Morte di un commesso viaggiatore di Volker Schlöndorff, 1985.
Rai Movie, ore 23:00, mercoledì 26 agosto 2026.
Uno dei vertici di quella fondamentale stagione del teatro americano che tra fine anni Quaranta e anni Cinquanta vide all’opera drammaturghi come Arthur Miller (questo Morte di un commesso viaggiatore è suo), Clifford Odets, Tennesseee Williams. Eugene O’Neill. Qui il tedesco, ma regista assai cosmopolita, Volker Schlöndorff (Palma d’oro a Cannes e Oscar per Il tamburo di latta) prende l’ennesima messinscena di Broadway di Death of a Salesman –  siamo nel 1985 – e la traduce in cinema introducendo nel ferreo realismo dell’opera qualche prudente nota fantasmatica, visionaria, pur salvaguardandone il nucleo di denuncia del sogno americano e dei suoi inganni.

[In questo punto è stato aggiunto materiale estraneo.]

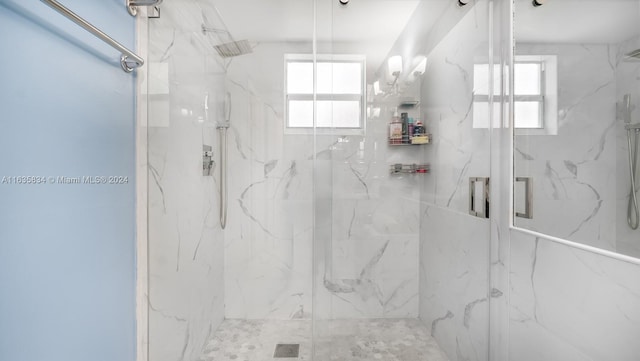 bathroom featuring a shower with door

Il sessantenne commesso viaggiatore Willy Loman è ormai a fine carriera, stanco, disilluso, esacerbato dal fallimento. Ma le cose non vanno meglio nemmeno sul fronte interno della famiglia a causa dei conflitti che lo oppongono continuamente ai due figli. Loman in tanta desolazione si convince di avere una sola chance, suicidarsi per far incassare alla moglie i soldi della sua assicurazione sulla vita.
Un classico che non ha mai smesso di essere rappresentato, amatissimo dai grandi attori-mattatori che vedono in Loman un ruolo in cui dispiegare il proprio istrionismo. Stavolta c’è un Dustin Hoffman invecchiato dal make-up a confronto con un giovane e rampante John Malkovich. Il film è anche l’occasione per rivedere al lavoro Volker Schlöndorff, regista che si è mosso tra Germania, Francia, Stati Uniti, che dagli inizi negli anni Sessanta nell’ambito del Nuovo Cinema Tedesco (in compagnia di Fassbinder, Kluge, Herzog e di Margarethe Von Trotta, allora sua moglie) ha fatto lunghi giri tra generi e culture: fino a quell’Heimsuchung (Visitation) presentato lo scorso maggio al festival di Canne in cui si ripercorrono settant’anni di storia tedesca a partire dall’era di Weimar. Per me comunque rimane sempre il regista del folgorante I turbamenti del giovane Törless tratto da Musil: era il 1966, era il suo primo film.